When Tiffany Capone suggested that her fiancé, Michael, take out a $10,000 TitleMax loan with a 119 percent interest rate, she figured it would be a temporary fix to pay the bills. But this summer, after Michael fell behind on the loan payments, the couple’s three-year-old Hyundai was repossessed.

“It had my child’s car seat in the back,” said Ms. Capone, of Olney, Md.

With their car gone, the couple had to sell most of their furniture and other belongings to a pawnshop so they could afford to pay for taxis to ferry Michael, a diabetic with a heart condition, to his frequent doctors’ appointments.

The hardships caused by title loans are being cited as one of the big challenges facing poor and minority communities.

“It is a form of indenture,” said Robert Swearingen, a lawyer with Legal Services of Eastern Missouri, adding that “because of the threat of repossession, they can string you along for the rest of your life.”

Johanna Pimentel said she and both of her brothers had taken out multiple title loans.

“They are everywhere, like liquor stores,” she said.

Ms. Pimentel, 32, had moved her family out of Ferguson, Mo., to a higher-priced suburb of St. Louis that promised better schools. But after a divorce, her former husband moved out, and she had trouble paying her rent.

Ms. Pimentel took out a $3,461 title loan using her 2002 Suburban as collateral.

After falling behind, she woke up one morning last March to find that the car had been repossessed. Without it, she could not continue to run her day care business.

Pointing to such experiences, lawmakers in some states — regulating the industry largely falls to states — have called for stricter limits on title loans or outright bans.

In Virginia, lawmakers passed a bill in 2010 that institutes some restrictions on the practice, including preventing lenders from trying to collect money from customers once a car has been repossessed. That same year, Montana voters overwhelmingly backed a ballot initiative that capped rates on title loans at 36 percent.

But for every state where there has been a crackdown, there are more where the industry has mobilized to beat back regulations.

In Wisconsin, it took the title loan industry only one year to reverse a ban on the loans that had been put in place in 2010. In New Hampshire in 2008, state legislators enacted a law that put a 36 percent ceiling on the rates that title lenders could charge. Four years later, though, lobbyists for the industry won a repeal of the law.

“This is nothing but government-authorized loan sharking,” said Scott A. Surovell, a Virginia lawmaker who has proposed bills that would further rein in title lenders.

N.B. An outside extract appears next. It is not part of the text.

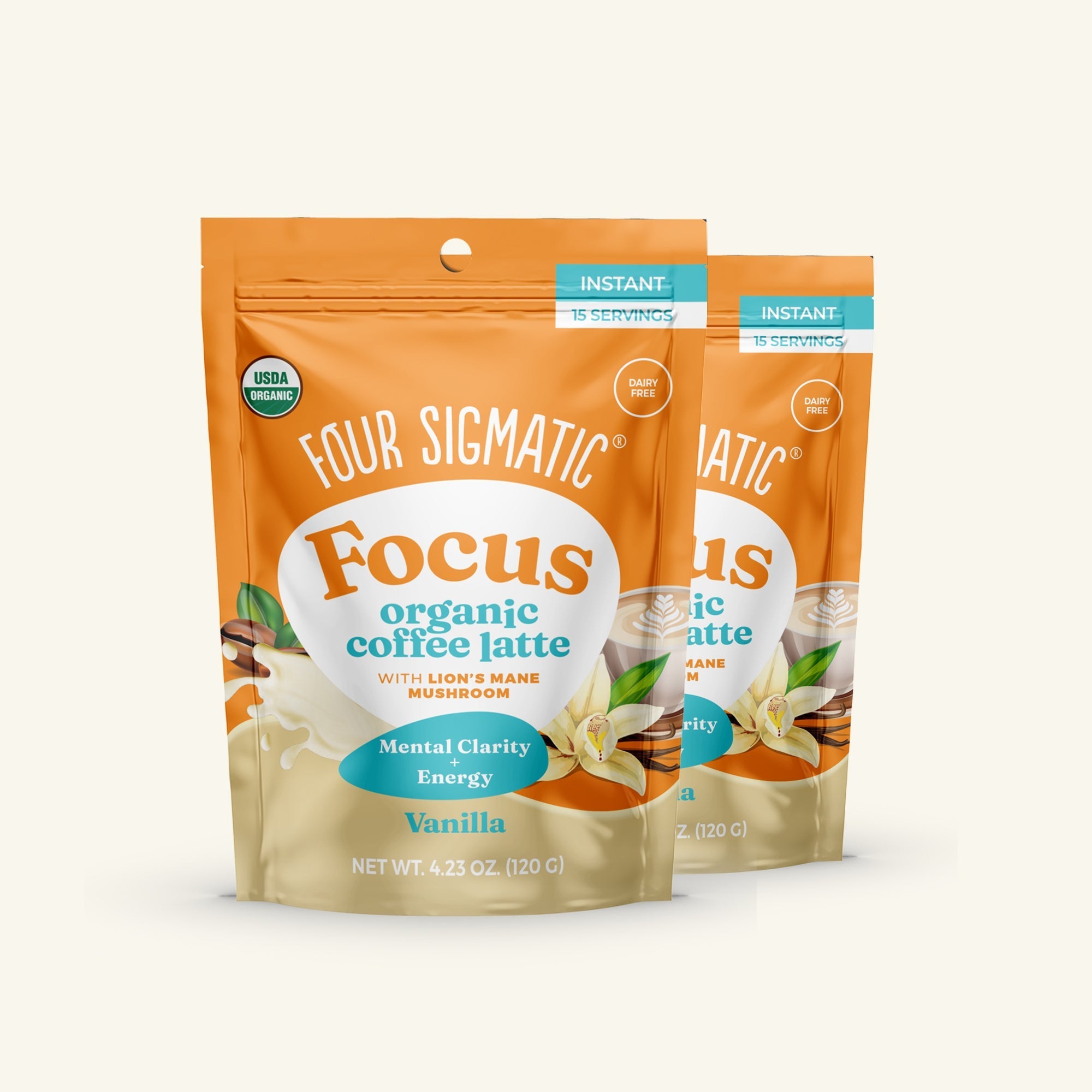 Focus Organic Coffee Latte - Vanilla - For Morning Focus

Even when there are restrictions, some lenders find creative ways to continue business as usual. In California, where the interest rates and fees that lenders can charge on loans for $2,500 or less are restricted, some lenders extend loans for just over that amount.

Sometimes the workarounds are more blatant.

The City of Austin allows title lenders to extend loans only for three months. But that did not stop Mr. Chicosky, the veteran who borrowed $4,000 for car repairs, from getting a loan for 24 months.

Last year, after applying for a loan at a Cash America store in Austin, Mr. Chicosky said, a store employee told him that he would have to fill out the paperwork and pick up his check in a nearby town. Mr. Chicosky’s lawyer, Amy Clark Kleinpeter, said the location switch appeared to be a way to get around the rules in Austin.

The lender offered a different explanation to Mr. Chicosky. “They told me that they didn’t have a printer at the Austin location that was big enough to print my check,” he said.